What you have to do: Please repeat exactly the lines below from the one containing "Used 2016 Honda Civic Touring image 19" down to the one containing "湖南常德，男子听邻居家办丧事", both included, and nothing else.
BEGIN Source material
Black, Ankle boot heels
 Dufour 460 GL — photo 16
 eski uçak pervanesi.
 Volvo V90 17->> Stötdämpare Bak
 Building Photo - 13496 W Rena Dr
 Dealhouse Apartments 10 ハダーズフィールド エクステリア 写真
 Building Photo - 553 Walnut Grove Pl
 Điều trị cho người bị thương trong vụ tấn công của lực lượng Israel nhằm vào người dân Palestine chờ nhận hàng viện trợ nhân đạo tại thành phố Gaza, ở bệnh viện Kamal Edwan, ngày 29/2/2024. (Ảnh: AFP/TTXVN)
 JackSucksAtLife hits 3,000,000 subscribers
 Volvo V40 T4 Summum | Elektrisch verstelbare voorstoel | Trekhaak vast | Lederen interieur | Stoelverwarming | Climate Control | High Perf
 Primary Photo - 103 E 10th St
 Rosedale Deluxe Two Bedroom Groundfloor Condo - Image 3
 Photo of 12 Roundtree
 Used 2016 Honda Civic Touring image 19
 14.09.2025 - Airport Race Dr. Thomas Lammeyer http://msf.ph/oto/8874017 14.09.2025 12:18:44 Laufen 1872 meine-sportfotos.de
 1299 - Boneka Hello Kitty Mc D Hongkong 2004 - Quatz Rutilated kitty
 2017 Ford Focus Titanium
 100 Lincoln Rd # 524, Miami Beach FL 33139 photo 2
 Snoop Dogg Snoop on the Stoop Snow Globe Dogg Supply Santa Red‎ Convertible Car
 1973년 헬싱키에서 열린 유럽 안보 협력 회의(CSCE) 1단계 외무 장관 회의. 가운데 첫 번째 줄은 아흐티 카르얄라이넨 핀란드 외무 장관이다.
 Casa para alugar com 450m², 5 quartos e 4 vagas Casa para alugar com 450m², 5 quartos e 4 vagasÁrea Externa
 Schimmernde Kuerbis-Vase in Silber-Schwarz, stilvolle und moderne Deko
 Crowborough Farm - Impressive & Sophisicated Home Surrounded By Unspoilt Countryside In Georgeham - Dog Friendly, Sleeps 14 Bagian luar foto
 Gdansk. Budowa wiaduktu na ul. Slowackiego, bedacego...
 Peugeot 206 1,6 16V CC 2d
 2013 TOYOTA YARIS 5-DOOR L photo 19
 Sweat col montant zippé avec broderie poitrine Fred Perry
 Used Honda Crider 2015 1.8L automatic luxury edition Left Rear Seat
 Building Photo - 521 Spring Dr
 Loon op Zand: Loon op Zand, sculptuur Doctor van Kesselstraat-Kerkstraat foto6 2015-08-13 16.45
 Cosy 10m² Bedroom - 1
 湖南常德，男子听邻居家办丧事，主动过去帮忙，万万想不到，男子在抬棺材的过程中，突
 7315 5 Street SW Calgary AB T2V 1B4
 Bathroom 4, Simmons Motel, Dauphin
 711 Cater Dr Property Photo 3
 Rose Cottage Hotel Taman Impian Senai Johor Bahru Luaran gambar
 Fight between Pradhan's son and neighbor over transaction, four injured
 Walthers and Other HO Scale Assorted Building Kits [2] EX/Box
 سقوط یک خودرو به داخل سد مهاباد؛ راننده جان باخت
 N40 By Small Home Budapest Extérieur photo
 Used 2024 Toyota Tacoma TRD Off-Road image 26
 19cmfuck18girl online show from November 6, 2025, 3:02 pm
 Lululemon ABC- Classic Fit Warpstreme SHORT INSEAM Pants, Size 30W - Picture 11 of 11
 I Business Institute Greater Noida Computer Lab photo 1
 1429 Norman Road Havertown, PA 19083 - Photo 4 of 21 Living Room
END Source material
Task answer:
 Used 2016 Honda Civic Touring image 19
 14.09.2025 - Airport Race Dr. Thomas Lammeyer http://msf.ph/oto/8874017 14.09.2025 12:18:44 Laufen 1872 meine-sportfotos.de
 1299 - Boneka Hello Kitty Mc D Hongkong 2004 - Quatz Rutilated kitty
 2017 Ford Focus Titanium
 100 Lincoln Rd # 524, Miami Beach FL 33139 photo 2
 Snoop Dogg Snoop on the Stoop Snow Globe Dogg Supply Santa Red‎ Convertible Car
 1973년 헬싱키에서 열린 유럽 안보 협력 회의(CSCE) 1단계 외무 장관 회의. 가운데 첫 번째 줄은 아흐티 카르얄라이넨 핀란드 외무 장관이다.
 Casa para alugar com 450m², 5 quartos e 4 vagas Casa para alugar com 450m², 5 quartos e 4 vagasÁrea Externa
 Schimmernde Kuerbis-Vase in Silber-Schwarz, stilvolle und moderne Deko
 Crowborough Farm - Impressive & Sophisicated Home Surrounded By Unspoilt Countryside In Georgeham - Dog Friendly, Sleeps 14 Bagian luar foto
 Gdansk. Budowa wiaduktu na ul. Slowackiego, bedacego...
 Peugeot 206 1,6 16V CC 2d
 2013 TOYOTA YARIS 5-DOOR L photo 19
 Sweat col montant zippé avec broderie poitrine Fred Perry
 Used Honda Crider 2015 1.8L automatic luxury edition Left Rear Seat
 Building Photo - 521 Spring Dr
 Loon op Zand: Loon op Zand, sculptuur Doctor van Kesselstraat-Kerkstraat foto6 2015-08-13 16.45
 Cosy 10m² Bedroom - 1
 湖南常德，男子听邻居家办丧事，主动过去帮忙，万万想不到，男子在抬棺材的过程中，突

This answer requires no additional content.